Annoyed at the inevitability that VC-backed software platforms you rely on will spontaneously close one day and drop your years of useful data with no good way to export it in time even though you pay for their services? Me too, constantly!

I’ve invested several years of music curation into Spotify and realized it’s incredibly careless that I have never made a local human-readable backup. There are plenty of integrations that allow you to import your playlists into other streaming services, but it’s always good to have a local backup of things you have put a lot of effort into.

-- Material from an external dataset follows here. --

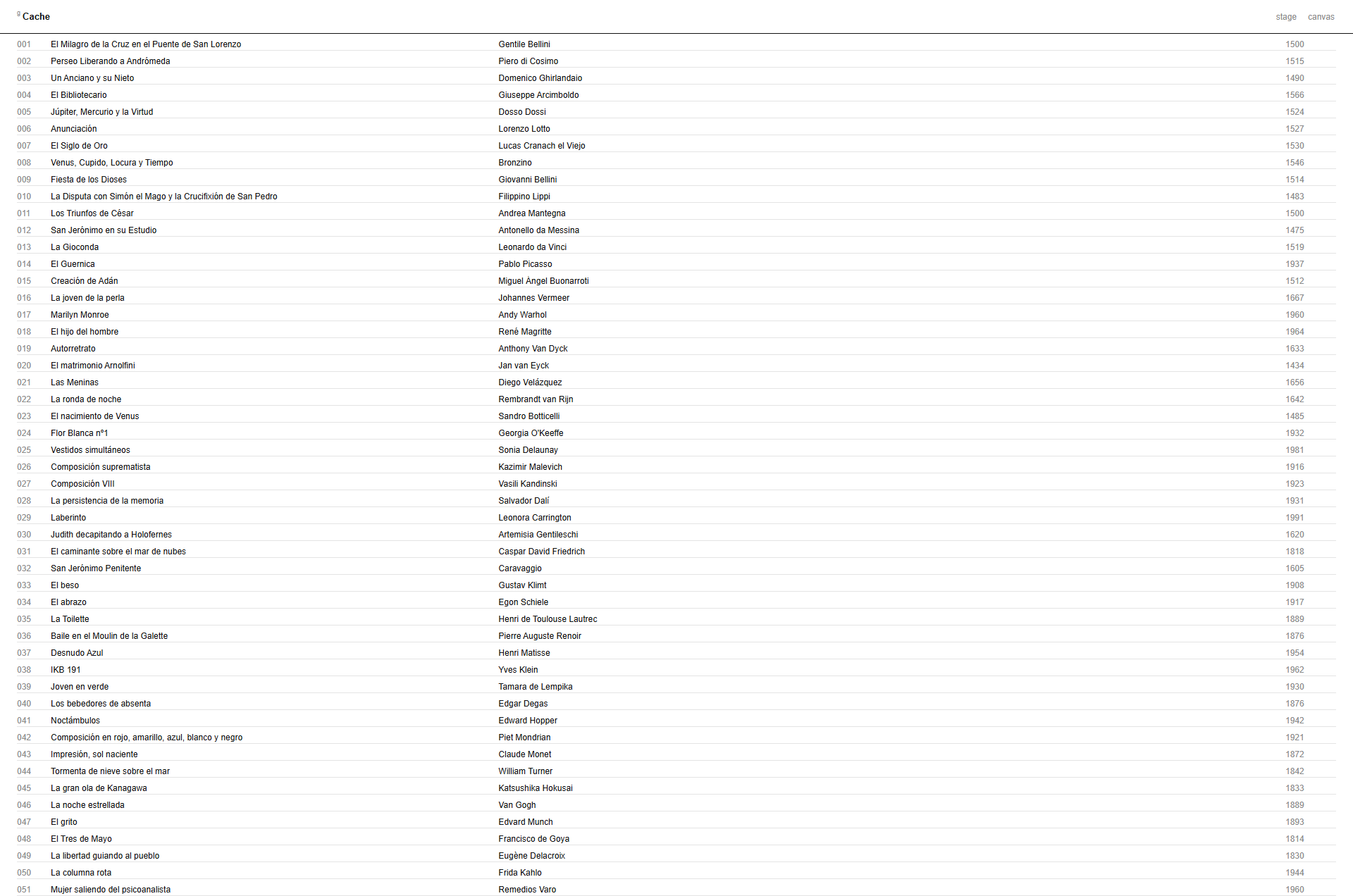 Minimalist art archive displaying a numbered collection of paintings with their titles, artists, and creation years.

Conveniently, a lot of people have already written export tools, so I didn’t have to write any code; I just needed to gently massage my raw export a bit with jq filters to make it more compact and readable.

Export tools

This support thread suggests SpotMyBackup, a web-based tool which unfortunately did not seem to work for me at the time. I instead ran caseychu/spotify-backup, a small Python script.

The documentation doesn’t include minor version info at the moment. I switched locally to Python 3.8 and it worked fine, but I didn’t actually binary search to find out which minor version was necessary, so YMMV.

Filtering exploration

There is a lot of extra data in there that you probably don’t often need as a user, such as available_markets, various unique Spotify IDs, album art image metadata, and so on.

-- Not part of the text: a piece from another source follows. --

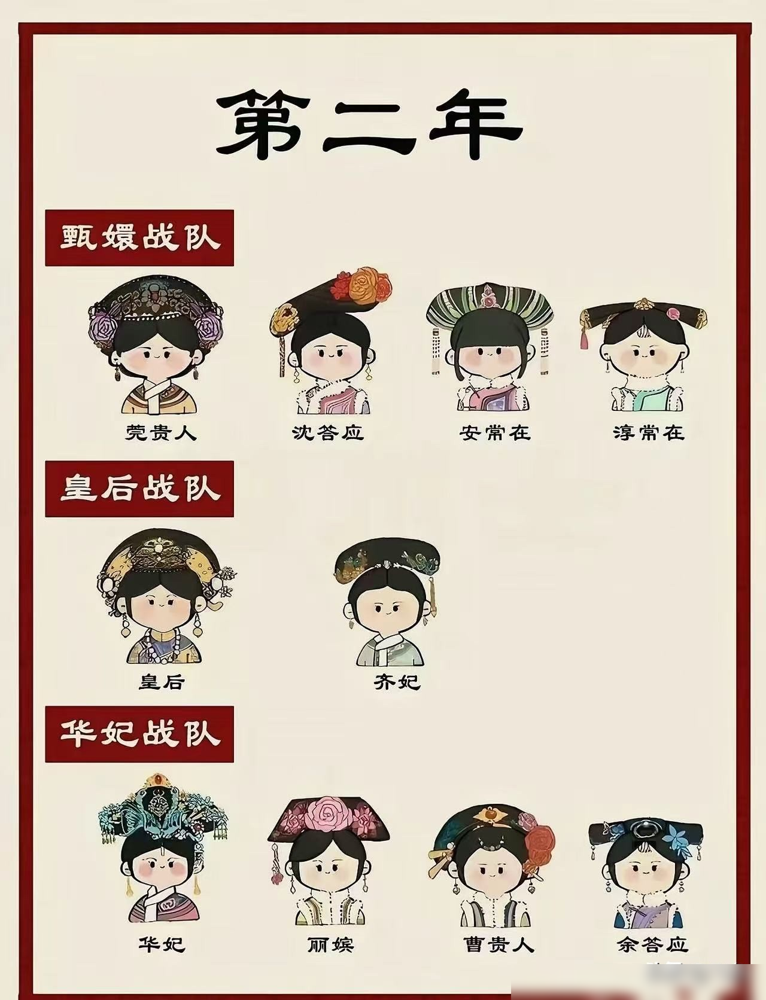 43岁的华妃蒋欣被全网催婚，开口第一句就封神。
《甄嬛传》15年了，当年28岁演华妃，如今43岁。同期那几位，斓曦、陶昕然、颖儿、唐艺昕，全结婚生娃，就她单着。
评论区追着问还不结婚啊，她回：为什么要跟自己过不去呢，这话比华妃还狠。
别人晒娃，她两年五部戏。《四喜》《归队》《以法之名》《玫瑰丛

spotify raw data dump *screams uncontrollably in watts*

My raw text dump was a whopping 48.8 Mb, so I inspected it and sliced it up with jq, a truly spectacular and very powerful tool for command line manipulation of JSON files.

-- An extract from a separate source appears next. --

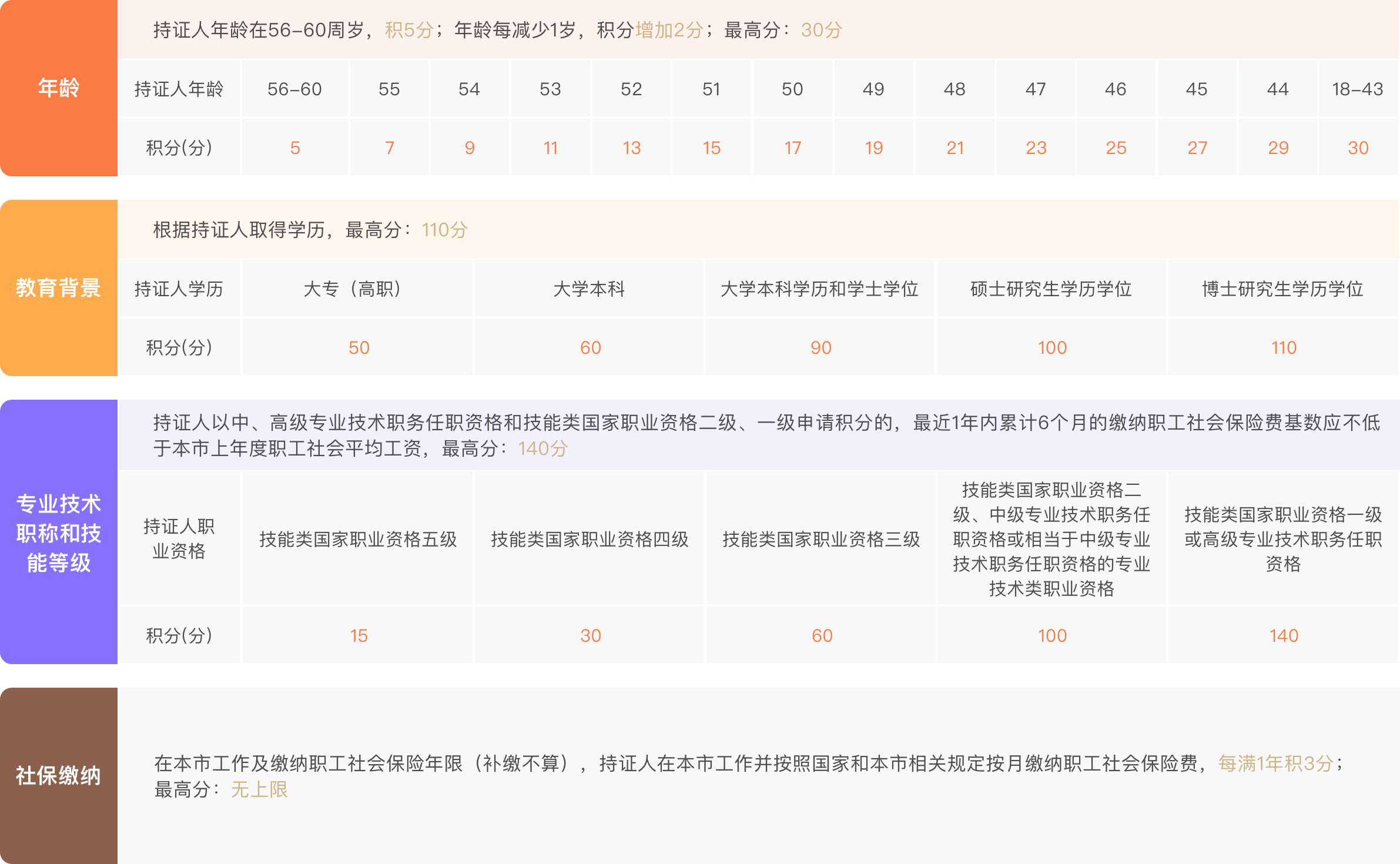 2021年虹口區(qū)居住證積分政策：基礎(chǔ)指標及分值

First, quickly looked over the structure:

# This dumps the top level keys
keys
# This dumps the `name` values of the objects in the top level array
.[] | .name
# But we'll actually want those as an array at some point
[.[] | .name]
# Let's check out the first playlist
.[0]
# Too verbose, just grab its name
.[0] | .name

.[0], “Liked Songs”, was a pretty long playlist, so I switched over to testing with a shorter playlist, .[1], for ease of reading.

We probably want playlists containing lists of track objects.

.[1] | {(.name): [.tracks[] | .track | {name}]}
# Grab more fields
.[1] | {(.name): [.tracks[] | .track | {name, uri, album: .album .name, artists: [.artists[] .name] }] }

Now let’s actually include all playlists in a reasonable format.

# List of playlist names
[.[] | name]
# List of playlist objects (just name)
[.[] | {name}]
# List of playlist objects, with lists of track names
[.[] | {name, tracks: [.tracks[] | .track | name]}]
# ...and add back all the track fields we wanted
[.[] | {name, tracks: [.tracks[] | .track | {name, uri, album: .album .name, artists: [.artists[] .name] } ]}]

This is pretty much what I want! Ran it and dumped to a dated file.

cat dump.json | jq '[.[] | {name, tracks: [.tracks[] | .track | {name, uri, album: .album .name, artists: [.artists[] .name] } ]}]' > dump.concise.json

This is 0.2 Mb, which is a lot more reasonable for several years of textual track lists.

compact filtered data export

Thank you so much caseychu and stedolan for writing these handy tools!